Re: Statistics and Multi-Column indexes

Samuel Gendler <sgendler@xxxxxxxxxxxxxxxx> · Sun, 10 Jul 2011 14:31:25 -0700

On Sun, Jul 10, 2011 at 2:16 PM, lars <lhofhansl@xxxxxxxxx> wrote:

I know this has been discussed various times...

We are maintaining a large multi tenant database where *all* tables have a tenant-id and all indexes and PKs lead with the tenant-id.

Statistics and counts for the all other columns are only really meaningful within the context of the tenant they belong to.

There appear to be five options for me:

1. Using single column indexes on all interesting columns and rely on PostgreSQLs bitmap indexes to combine them (which are pretty cool).

2. Use multi column indexes and accept that sometimes Postgres pick the wrong index (because a non-tenant-id

column might seem highly selective over the table, but it is not for a particular tenant - or vice versa).

3. Use a functional index that combines multiple columns and only query via these, that causes statistics

gathering for the _expression_.

I.e. create index i on t((tenantid||column1)) and SELECT ... FROM t WHERE tenantid||column1 = '...'

4. Play with n_distinct and/or set the statistics for the inner columns to some fixed values that lead to the plans that we want.

5. Have a completely different schema and maybe a database per tenant.

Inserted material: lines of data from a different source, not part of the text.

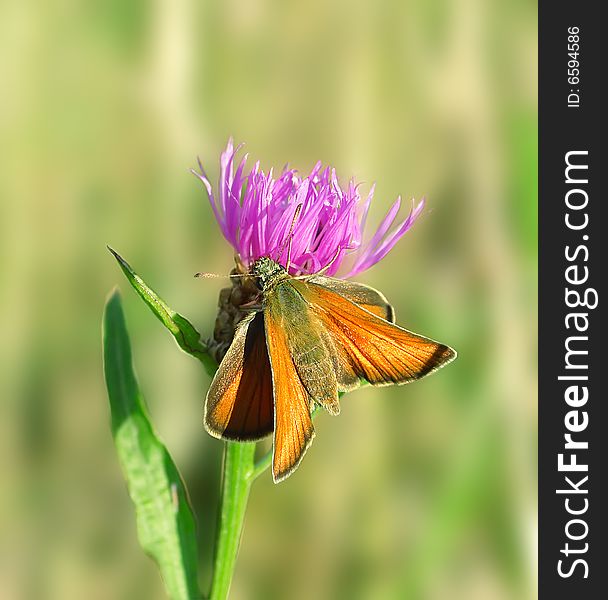 Butterfly on the blade. Russian nature, wilderness world. Butterfly on the blade. Russian nature, wilderness world.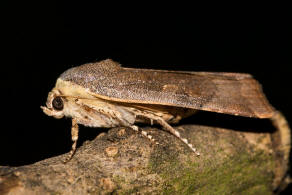 Noctua janthina / Janthina-Bandeule / Nachtfalter - Eulenfalter - Noctuidae - Noctuinae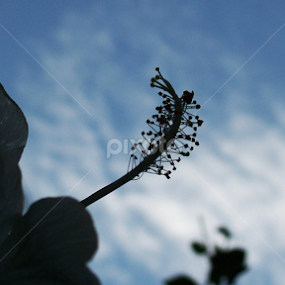 by Abhik Chatterjee - Nature Up Close Leaves & Grasses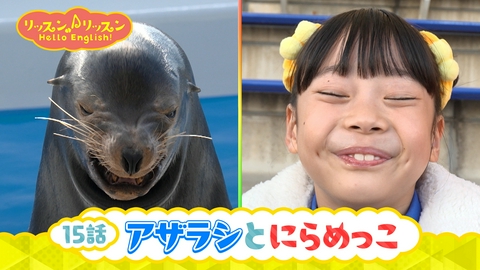 リッスン♪リッスン Hello English！ ♪１５　アザラシとにらめっこ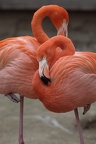 Ruhende Flamingos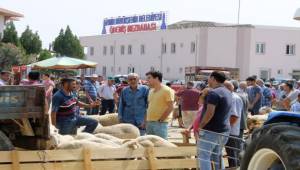 Ödemiş’te kurban satış ve kesim yerleri belli oldu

What about partitioning tables by tenant id and then maintaining indexes on each partition independent of tenant id, since constraint exclusion should handle filtering by tenant id for you.  That seems like a potentially more tolerable variant of #5 How many tenants are we talking about?  I gather partitioning starts to become problematic when the number of partitions gets large.